One of Grandma’s greatest hits, this simple drop cookie delivers a properly spicy, crunchy, melt-in-your-mouth burst of holiday goodness. Make sure your spices are fresh and, in the case of pepper and cloves, freshly ground.
Makes 4 dozen cookies
12 oz. (3 sticks) unsalted butter, at room temperature
2 cups sugar
1/2 cup molasses
4 cups unbleached white flour
2 teaspoons baking soda
1 teaspoon salt
2 teaspoons ground cinnamon
1 teaspoon ground cloves
1 teaspoon ground ginger
1/2 teaspoon freshly ground pepper
Powdered sugar for dusting
Preheat oven to 350 degrees. Line baking sheets with parchment paper.
In a large mixing bowl, cream butter and sugar until fluffy. Add eggs, one at a time, beating well after each addition. Add molasses and beat well.
Sift together dry ingredients. Add at low speed to butter and sugar mixture and beat just until combined.

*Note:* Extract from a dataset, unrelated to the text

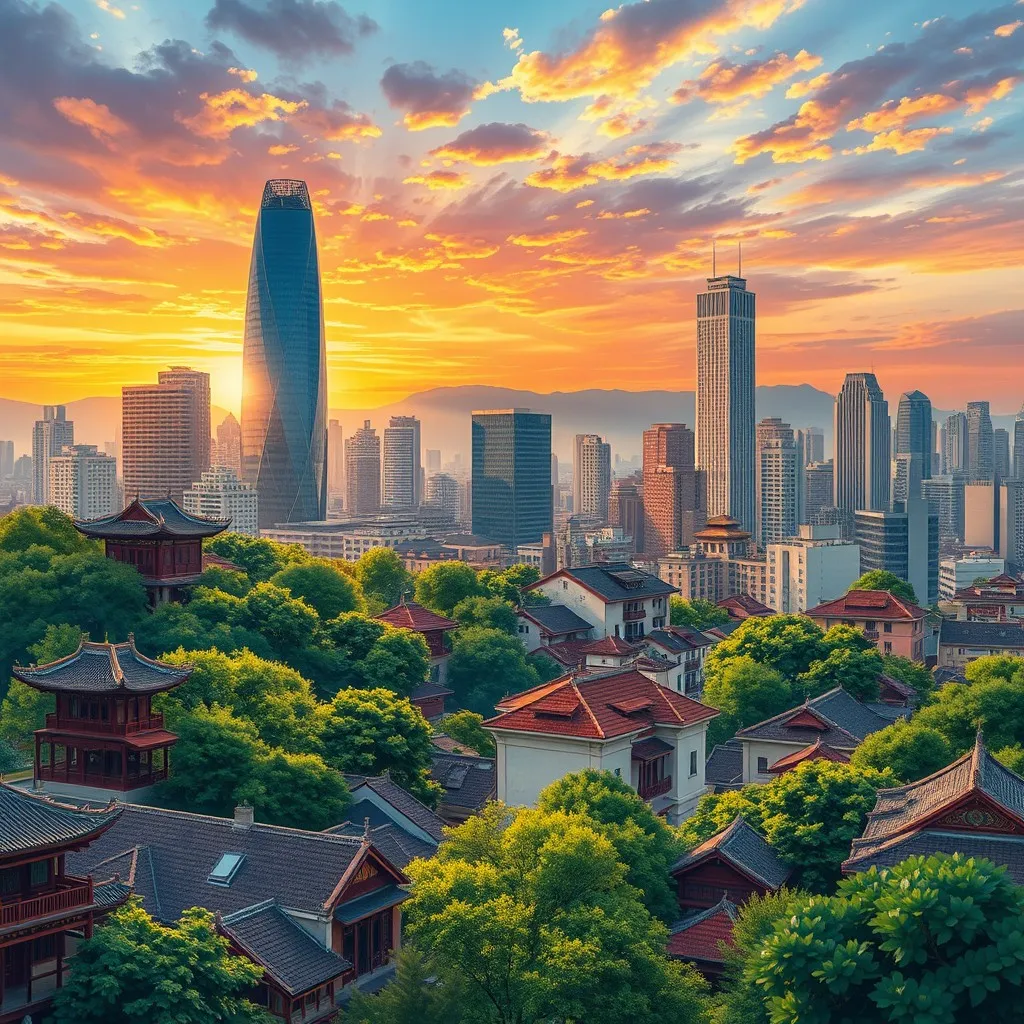 Fuzhou Office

Drop batter by rounded spoonfuls onto baking sheet 2 1/2 inches apart – cookies will spread. Bake 9 to 11 minutes, rotating cookie sheets from back to front once midway through baking. Cookies should be golden brown and slightly darker around the edges when done. Watch carefully during final minutes of baking because they burn easily.
Remove from oven and let stand a minute before removing carefully to a rack. Sift powdered sugar over cookies while still warm. When completely cool, store in airtight tin or zip-top bag to freeze. Before serving, sift with more powdered sugar.